▸ **Provided material**
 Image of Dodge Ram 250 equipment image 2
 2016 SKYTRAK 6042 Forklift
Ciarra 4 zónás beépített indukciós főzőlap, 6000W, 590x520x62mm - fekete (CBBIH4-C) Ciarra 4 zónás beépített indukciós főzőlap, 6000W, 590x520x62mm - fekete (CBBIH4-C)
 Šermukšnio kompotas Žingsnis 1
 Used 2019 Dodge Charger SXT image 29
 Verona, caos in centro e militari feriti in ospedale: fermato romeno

* * *

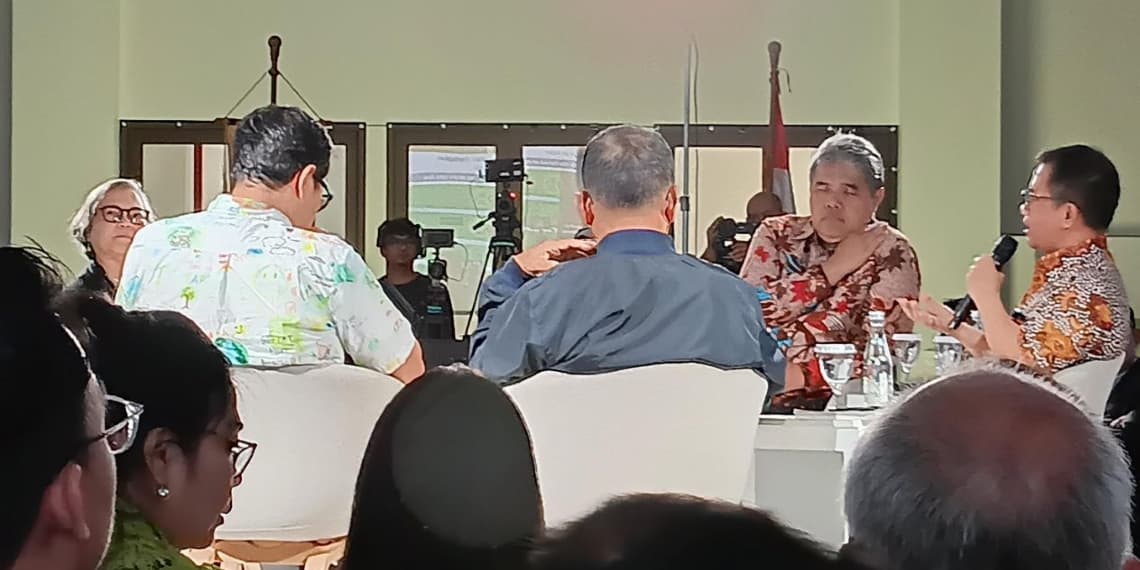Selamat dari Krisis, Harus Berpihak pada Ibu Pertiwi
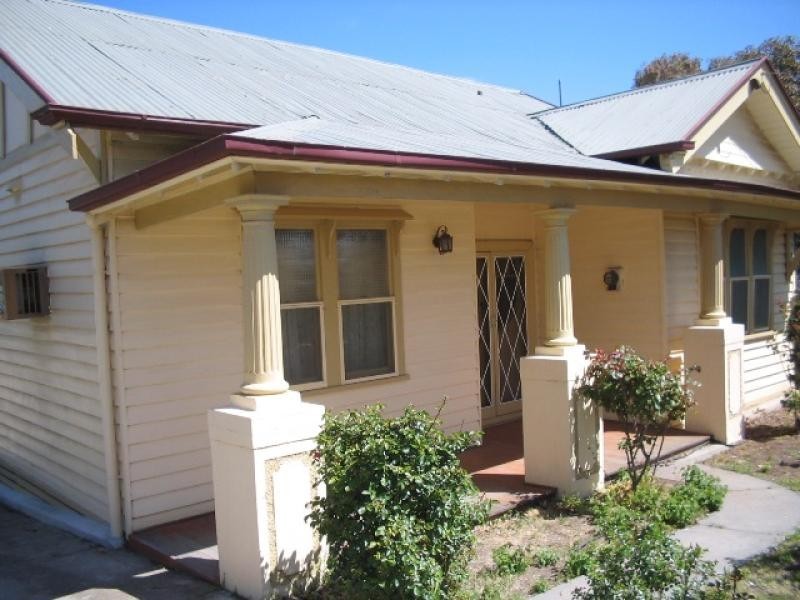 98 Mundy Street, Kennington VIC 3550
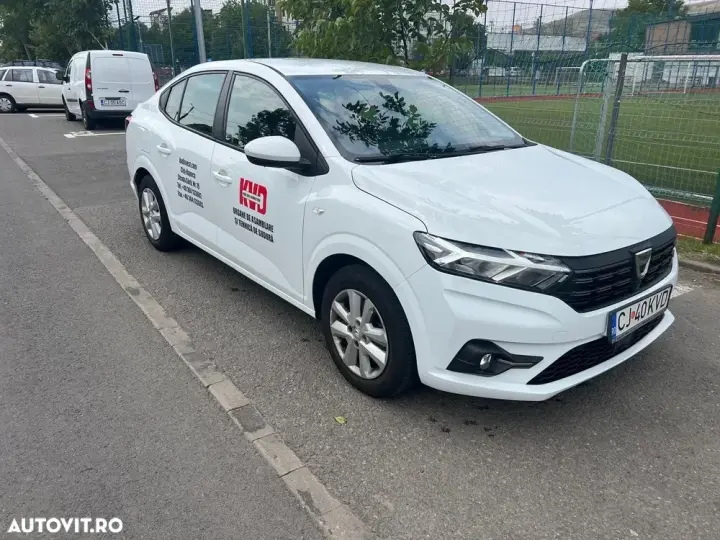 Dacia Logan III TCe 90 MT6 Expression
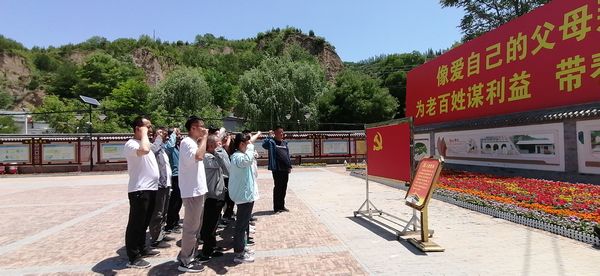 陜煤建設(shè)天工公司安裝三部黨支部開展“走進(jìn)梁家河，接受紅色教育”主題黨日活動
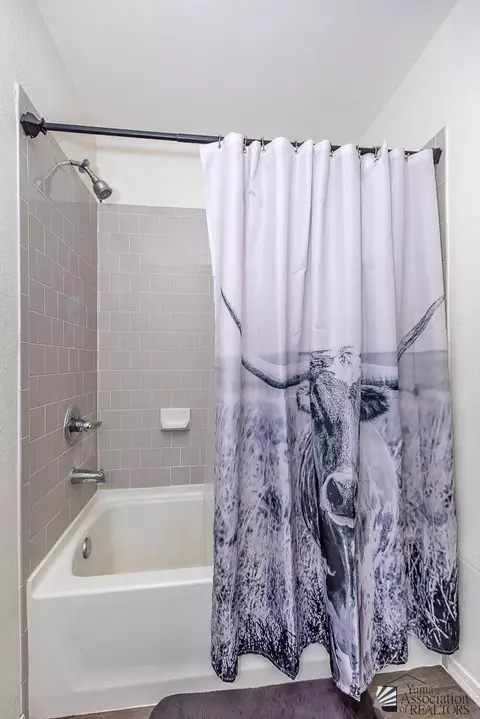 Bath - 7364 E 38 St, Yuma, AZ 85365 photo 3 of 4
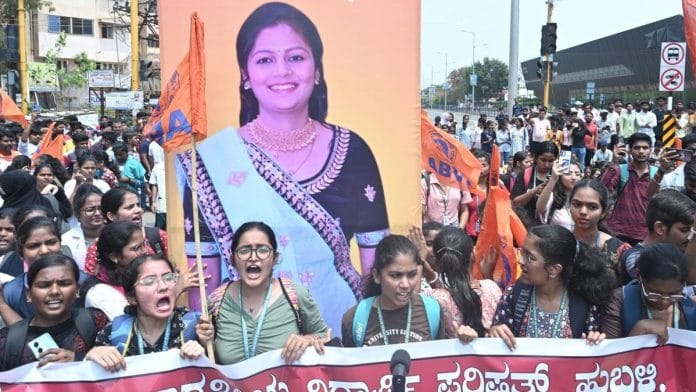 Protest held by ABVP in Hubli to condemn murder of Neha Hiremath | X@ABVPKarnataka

▸ **Aim of the exercise**
Which lines in the material above include the string "Dodge"? Pull them out.

▸ **Solution to the exercise**
 Image of Dodge Ram 250 equipment image 2
 Used 2019 Dodge Charger SXT image 29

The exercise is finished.